The nesting depth of leaf nodes will vary because some playing techniques will have sub-articulations.

Example paths to leaf nodes could be

/philharmonia/trumpet/mute/muted_trumpet1.wav
/philharmonia/trumpet/legato/attack/legato_trumpet1.wav
/ircam/violin/pizz/violin_pizz1.wav

I have the data stored using a master table and closure table:

sqlite> PRAGMA table_info(as_node);  
0|id|INTEGER|0||1  
1|name|TEXT(1024)|1||0  
2|file|INTEGER|0||0  
3|parent|INTEGER|0||0  

sqlite> PRAGMA table_info(as_node_closure);  
0|id|INTEGER|0||1  
1|ancestor|INTEGER|0||0  
2|descendant|INTEGER|0||0  
3|depth|INTEGER|0||0  

How can I query the database to select all leaf nodes where an ancestor node matches a given string at given nesting level?

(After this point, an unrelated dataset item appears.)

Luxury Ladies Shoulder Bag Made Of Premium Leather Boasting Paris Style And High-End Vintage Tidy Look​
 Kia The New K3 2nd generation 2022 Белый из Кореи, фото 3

For example in plain English: "give me all leaf nodes where ancestor node is 'trumpet' at a nesting level of 2"

With the above data, this should return muted_trumpet1.wav and legato_trumpet1.wav.

UPDATE 1

Some example data:

sqlite> select * from as_node
1|BrassP||
2|4Horns||1
3|FT||2
4|DYN_02||3
5|RR_01||4
6|Mic_CL||5
7|4H_CL_DYN2_FT_01.wav|1|6
8|Mic_FM||5
9|4H_FM_DYN2_FT_01.wav|2|8
10|Mic_RM||5
11|4H_RM_DYN2_FT_01.wav|3|10
12|Mic_SUR||5
13|4H_SURR_DYN2_FT_01.wav|4|12
14|DYN_03||3
15|RR_01||14
16|Mic_CL||15
17|4H_CL_DYN3_FT_01.wav|5|16
...

sqlite> select * from as_node_closure limit 10;
1|1|1|0
2|1|2|1
3|2|2|0
4|1|3|2
5|2|3|1
6|3|3|0
7|1|4|3
8|2|4|2
9|3|4|1
10|4|4|0

UPDATE 2:

This gives me pretty much what I want, but I'm sure it it's not the right way:


SELECT name from as_node WHERE id IN (SELECT descendant FROM as_node_closure WHERE ancestor IN (SELECT id FROM as_node WHERE name = "trumpet") AND descendant IN (SELECT id FROM as_node WHERE name LIKE "%.wav"));

This uses the inner SELECT to get all of the leaf nodes and return only descendants in that list.

Best Answer

I think this is what you want (edited):

-- ml : short name for middle-to-leaf connection
-- rm : short name for root-to-middle connection

SELECT                                     -- show me 
    leaf.*                                 -- all
FROM 
    as_node AS leaf                        -- leaf nodes
  JOIN as_node_closure AS ml               -- which have an ancestor
    ON  ml.descendant = leaf.id            -- 
  JOIN as_node AS middle                   -- (let's call it middle)
    ON  ml.ancestor = middle.id            -- 
    AND middle.name = 'trumpet'            -- with the name 'trumpet'
  JOIN as_node_closure AS rm               -- and this middle
    ON  rm.descendant = ml.ancestor        -- has another ancestor
  JOIN as_node AS root                     -- (which we call root)
    ON  rm.ancestor = root.id              -- which is indeed a root node
    AND root.parent IS NULL                -- as it has no parent
WHERE                                      -- and the distance from root to middle
      rm.depth = 2                         -- is 2 (so middle's absolute level is 2)
  AND leaf.name LIKE '%.wav'
  AND NOT EXISTS                           -- and also the leaf is indeed a leaf node
      ( SELECT *                           -- as it has no children
        FROM as_node AS extra
        WHERE extra.parent = leaf.id
      ) ;

Test at SQL-Fiddle (where 'FT' is used instead of 'trumpet', to match your data.)